Discovering Villa Poggio Reale
For centuries people have gone to Rufina to drink, at its source, one of the most perfumed Chianti wines of all. This intense ruby-coloured wine hails from a land rich in castles and Medici villas, a land where traces of the ancient Etruscan civilisation can still be glimpsed. Up high, dominating the valley below, stands the Villa Poggio Reale. Majestic and imposing, this splendid example of sixteenth-century architecture also houses two museums: the Vine and Wine Museum can be found, along with a modern-day wine bar, in the twentieth-century cellar, while a collection of the works of Novecento artist Marco Romoli is also on display. The lodgings and chapel dedicated to Saint Anthony are next door. Vineyards and the Parco della Ragnaia surround the villa: there is nowhere better to lose yourself in nature and in thought.
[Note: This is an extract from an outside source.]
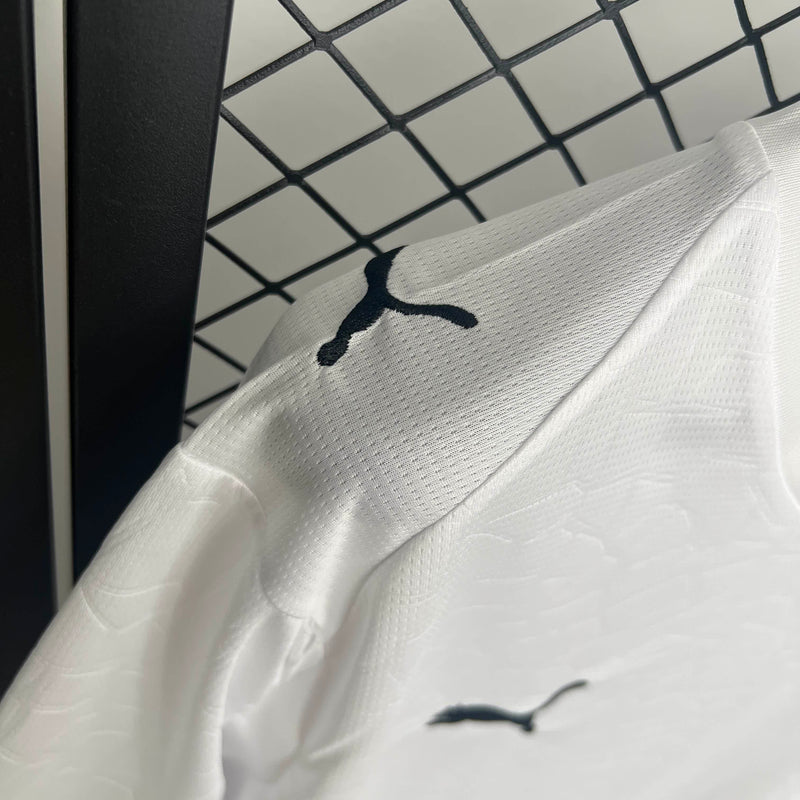 Camisa I Valencia | 25/26 Torcedor Puma - Branca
Many stories were told at Villa Poggio Reale, and, as the centuries went by, these stories gradually became legends. One of the most famous tales comes from the seventeenth century, and this is how it goes: during the time when the plague was raging all around, the noblemen barricaded themselves into their palaces and, afraid of their fate and believing themselves to be about to die, became immoral and debauched. One night, the Devil visited Villa Poggio Reale, in disguise. Everyone was sitting around gambling. Suddenly a beautiful young man appeared, asking to join in the game. At one point a card fell under the table, and as one of the players bent down to pick it up, he found himself looking at a pair of chicken’s legs: the Devil’s legs! The Devil realised he had been discovered and immediately disappeared in a putrid puff of smoke. He left behind on the floor’s tiles an indelible symbol, a mark of condemnation of the noblemen’s actions. Sceptics of the story are immediately converted when they see that the Devil’s sign is still there today.
At the end of summer Rufina celebrates the beautiful red-gold Chianti, as a traditional cart stacked with 1500 bottles of the wine is paraded through Firenze’s centro storico, pulled by the traditional Chianina oxen. This Chianti is blessed by the bishop on the church porch of the Duomo, and then in the Palazzo Vecchio is offered as a gift to the Comunità Fiorentina, representing the symbolic ‘Signoria di Firenze’. The so-called ‘Carro Matto’ (or ‘Crazy Cart’) is a work of the utmost quality, crafted by winemakers from Val di Sieve. The typical Chianti fiaschi – round-bottomed bottles covered in straw – are perfectly balanced in a giant pyramid, each one supporting those around it. In the olden days, this ingenious system allowed vast quantities of wine to be transported from the countryside to the town centre.